── Working data ──
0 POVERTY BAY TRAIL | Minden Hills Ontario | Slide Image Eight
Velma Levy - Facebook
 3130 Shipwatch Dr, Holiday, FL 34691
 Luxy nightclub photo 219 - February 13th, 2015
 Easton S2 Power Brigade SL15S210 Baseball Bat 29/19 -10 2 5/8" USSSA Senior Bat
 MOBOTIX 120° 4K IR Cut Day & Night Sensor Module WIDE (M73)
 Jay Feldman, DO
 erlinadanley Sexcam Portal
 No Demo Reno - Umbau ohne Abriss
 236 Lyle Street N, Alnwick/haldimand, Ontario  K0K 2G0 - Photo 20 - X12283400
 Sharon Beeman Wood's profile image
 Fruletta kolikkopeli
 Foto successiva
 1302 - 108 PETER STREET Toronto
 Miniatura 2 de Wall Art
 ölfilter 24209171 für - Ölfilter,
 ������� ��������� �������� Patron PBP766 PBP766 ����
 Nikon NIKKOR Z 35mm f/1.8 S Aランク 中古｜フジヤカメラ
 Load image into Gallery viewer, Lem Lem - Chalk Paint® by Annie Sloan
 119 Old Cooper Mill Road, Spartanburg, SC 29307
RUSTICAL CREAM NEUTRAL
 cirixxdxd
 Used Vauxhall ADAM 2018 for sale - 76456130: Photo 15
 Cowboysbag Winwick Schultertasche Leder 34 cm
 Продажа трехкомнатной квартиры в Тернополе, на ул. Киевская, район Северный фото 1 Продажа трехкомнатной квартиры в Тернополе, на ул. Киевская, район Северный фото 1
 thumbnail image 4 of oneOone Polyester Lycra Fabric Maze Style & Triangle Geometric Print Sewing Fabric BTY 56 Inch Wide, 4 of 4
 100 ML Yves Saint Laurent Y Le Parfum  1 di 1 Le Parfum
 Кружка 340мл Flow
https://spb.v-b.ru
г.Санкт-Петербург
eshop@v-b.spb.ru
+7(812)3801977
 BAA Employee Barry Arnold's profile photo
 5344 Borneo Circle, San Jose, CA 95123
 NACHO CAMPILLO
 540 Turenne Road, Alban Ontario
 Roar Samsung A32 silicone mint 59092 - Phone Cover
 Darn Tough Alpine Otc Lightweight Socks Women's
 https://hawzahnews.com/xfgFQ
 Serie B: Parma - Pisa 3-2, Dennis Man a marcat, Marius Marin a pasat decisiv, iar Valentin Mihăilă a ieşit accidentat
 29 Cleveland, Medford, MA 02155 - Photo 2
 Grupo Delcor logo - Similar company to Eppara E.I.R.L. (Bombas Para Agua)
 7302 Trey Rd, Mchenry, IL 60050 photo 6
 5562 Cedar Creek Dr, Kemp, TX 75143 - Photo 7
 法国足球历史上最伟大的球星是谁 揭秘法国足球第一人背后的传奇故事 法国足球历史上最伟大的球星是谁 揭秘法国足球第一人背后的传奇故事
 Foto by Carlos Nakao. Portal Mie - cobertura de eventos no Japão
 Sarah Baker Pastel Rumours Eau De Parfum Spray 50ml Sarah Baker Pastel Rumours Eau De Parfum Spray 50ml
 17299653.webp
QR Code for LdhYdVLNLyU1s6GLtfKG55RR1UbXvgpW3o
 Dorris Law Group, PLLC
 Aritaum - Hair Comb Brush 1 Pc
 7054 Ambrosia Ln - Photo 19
───
> **Task**:
Reproduce every record above, word for word.

> **Task answer**:
0 POVERTY BAY TRAIL | Minden Hills Ontario | Slide Image Eight
Velma Levy - Facebook
 3130 Shipwatch Dr, Holiday, FL 34691
 Luxy nightclub photo 219 - February 13th, 2015
 Easton S2 Power Brigade SL15S210 Baseball Bat 29/19 -10 2 5/8" USSSA Senior Bat
 MOBOTIX 120° 4K IR Cut Day & Night Sensor Module WIDE (M73)
 Jay Feldman, DO
 erlinadanley Sexcam Portal
 No Demo Reno - Umbau ohne Abriss
 236 Lyle Street N, Alnwick/haldimand, Ontario  K0K 2G0 - Photo 20 - X12283400
 Sharon Beeman Wood's profile image
 Fruletta kolikkopeli
 Foto successiva
 1302 - 108 PETER STREET Toronto
 Miniatura 2 de Wall Art
 ölfilter 24209171 für - Ölfilter,
 ������� ��������� �������� Patron PBP766 PBP766 ����
 Nikon NIKKOR Z 35mm f/1.8 S Aランク 中古｜フジヤカメラ
 Load image into Gallery viewer, Lem Lem - Chalk Paint® by Annie Sloan
 119 Old Cooper Mill Road, Spartanburg, SC 29307
RUSTICAL CREAM NEUTRAL
 cirixxdxd
 Used Vauxhall ADAM 2018 for sale - 76456130: Photo 15
 Cowboysbag Winwick Schultertasche Leder 34 cm
 Продажа трехкомнатной квартиры в Тернополе, на ул. Киевская, район Северный фото 1 Продажа трехкомнатной квартиры в Тернополе, на ул. Киевская, район Северный фото 1
 thumbnail image 4 of oneOone Polyester Lycra Fabric Maze Style & Triangle Geometric Print Sewing Fabric BTY 56 Inch Wide, 4 of 4
 100 ML Yves Saint Laurent Y Le Parfum  1 di 1 Le Parfum
 Кружка 340мл Flow
https://spb.v-b.ru
г.Санкт-Петербург
eshop@v-b.spb.ru
+7(812)3801977
 BAA Employee Barry Arnold's profile photo
 5344 Borneo Circle, San Jose, CA 95123
 NACHO CAMPILLO
 540 Turenne Road, Alban Ontario
 Roar Samsung A32 silicone mint 59092 - Phone Cover
 Darn Tough Alpine Otc Lightweight Socks Women's
 https://hawzahnews.com/xfgFQ
 Serie B: Parma - Pisa 3-2, Dennis Man a marcat, Marius Marin a pasat decisiv, iar Valentin Mihăilă a ieşit accidentat
 29 Cleveland, Medford, MA 02155 - Photo 2
 Grupo Delcor logo - Similar company to Eppara E.I.R.L. (Bombas Para Agua)
 7302 Trey Rd, Mchenry, IL 60050 photo 6
 5562 Cedar Creek Dr, Kemp, TX 75143 - Photo 7
 法国足球历史上最伟大的球星是谁 揭秘法国足球第一人背后的传奇故事 法国足球历史上最伟大的球星是谁 揭秘法国足球第一人背后的传奇故事
 Foto by Carlos Nakao. Portal Mie - cobertura de eventos no Japão
 Sarah Baker Pastel Rumours Eau De Parfum Spray 50ml Sarah Baker Pastel Rumours Eau De Parfum Spray 50ml
 17299653.webp
QR Code for LdhYdVLNLyU1s6GLtfKG55RR1UbXvgpW3o
 Dorris Law Group, PLLC
 Aritaum - Hair Comb Brush 1 Pc
 7054 Ambrosia Ln - Photo 19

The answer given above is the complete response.